@robertkwendt || lead pastor
Do we need evidence to confirm our faith?
While the followers of Jesus got to see, experience, and witness his life, death, and resurrection, we're left to simply read about it. So how do we believe what we do not see? How can we be assured of something that we haven't had an eye-witness account of? Is it blind faith? Or is it true faith?
Having faith requires trust. I would argue that trust does not need to have something we physically see.
Here are some thoughts as to why:
1. jesus confirmed this would be the case.
In talking with an early follower, Thomas, Jesus asked him, “Have you believed because you have seen me?" He then said, "Blessed are those who have not seen and yet have believed" (John 20:29 ESV).
I believe that George Washington was the first president of the United States.
I believe that Alexander the Great led one of the greatest armies of all time.
I believe that there is hardly any gravity in space.
While I have heard people talk of these things, I have not physically seen or experienced them myself. Yet, I still believe them to be true.
In the same way we have been told about the life, death, and resurrection, it is now up to us to have faith in what has been shared.
Jesus said to him, 'Have you believed because you have seen me? Blessed are those who have not seen and yet have believed.' John 20:29 ESV
2. it is easier to believe non-religious history
Dr. Gary Habermas shared this past Sunday at our church. While sharing, he discussed the gaps between when a historical person lived and when the first things about them were written down. Take Alexander the Great for example. He died 500 years before anything was written down about him. Yet the first writings about the resurrection of Jesus came as early as 5 years after his death. Even if taken from the most conservative estimates, the earliest writings were still only 25 years after his death.
How come we don't question the history of Alexander the Great, but we quickly jump to conclusions about the history of Jesus? The answer is simple: Jesus brings controversy. Accepting the resurrection of Jesus means accepting that he was God. Because after all, as Dr. Habermas stated, "God wouldn't raise a heretic from the dead."
If Jesus did rise, as is historically recorded, then he must be God. However, when we claim that history, it also claims that the other religions in the world are wrong. It claims that Jesus is the only way. It brings controversy. And naturally, we don't want controversy.
However, we must understand that we have found physical papyrus of the letters of Paul and other early followers of Jesus. We have physical evidence of historical documents. The Bible is not some made up text, but it's full of writings from people who walked with Jesus. People who knew of these events firsthand.
I love how John puts it in his writing:
"Now there are also many other things that Jesus did. Were every one of them to be written, I suppose that the world itself could not contain the books that would be written" (John 21:25 ESV).
God wouldn't raise a heretic from the dead." Dr.
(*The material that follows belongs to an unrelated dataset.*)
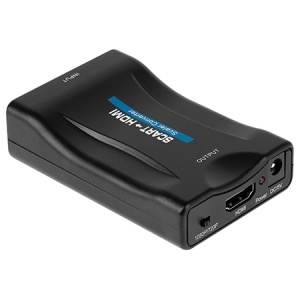 CONVERTOR SCART - HDMI - Img 1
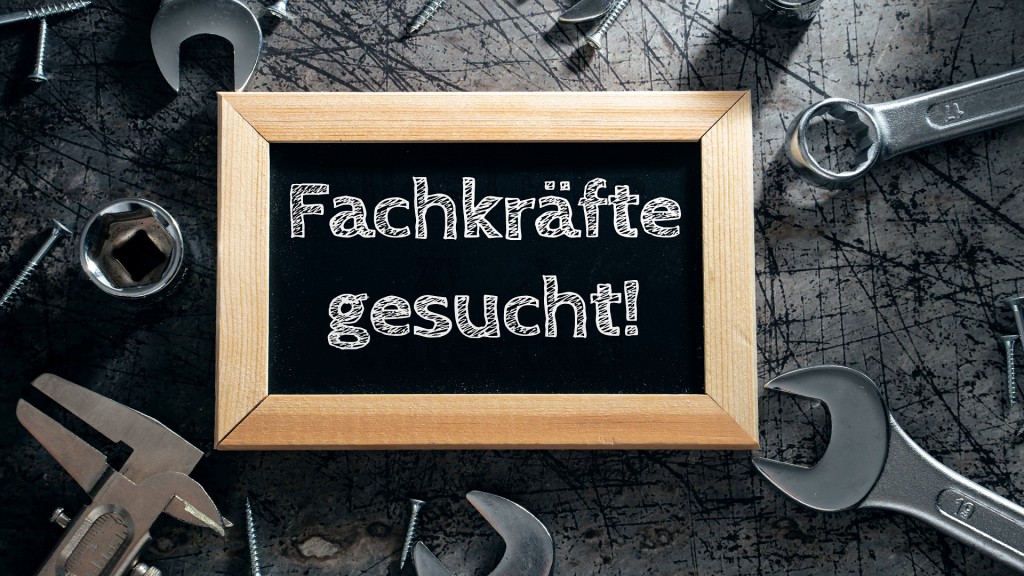 Symbolbild Fachkräftemangel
Gary Habermas
3. when we walk with jesus, we see how jesus' way is best.
In my life, I've spent over a decade as a baseball umpire. From there, I branched out into basketball and football officiating. While the sports are different, they each have something in common—a rule book.
In fact, everything we do falls within the framework of some type of structure or set of rules. There are rules of science, rules of ethics, rules of engagement, and even rules of communication. Sometimes, we don't even consciously think about such rules, but they're still there.
Jesus also gave us some guidelines to live by. In fact, he explains that they can all be summed up into two things:
1. Love God.
2. Love People.
When we walk with Jesus, the rules we play by are to love him and love the people we encounter. Like in any sport, we sometimes go against these rules; but we know that it's the framework in which the game is to be played.
As we continue to experience life within these guidelines more and more, we begin to see how Jesus is working through us individually. We begin to realize that following him isn't an obligation. No. It's simply the way we are designed to live.
It is best.
As his teachings are lived out, we begin to see all the evidence we ever needed.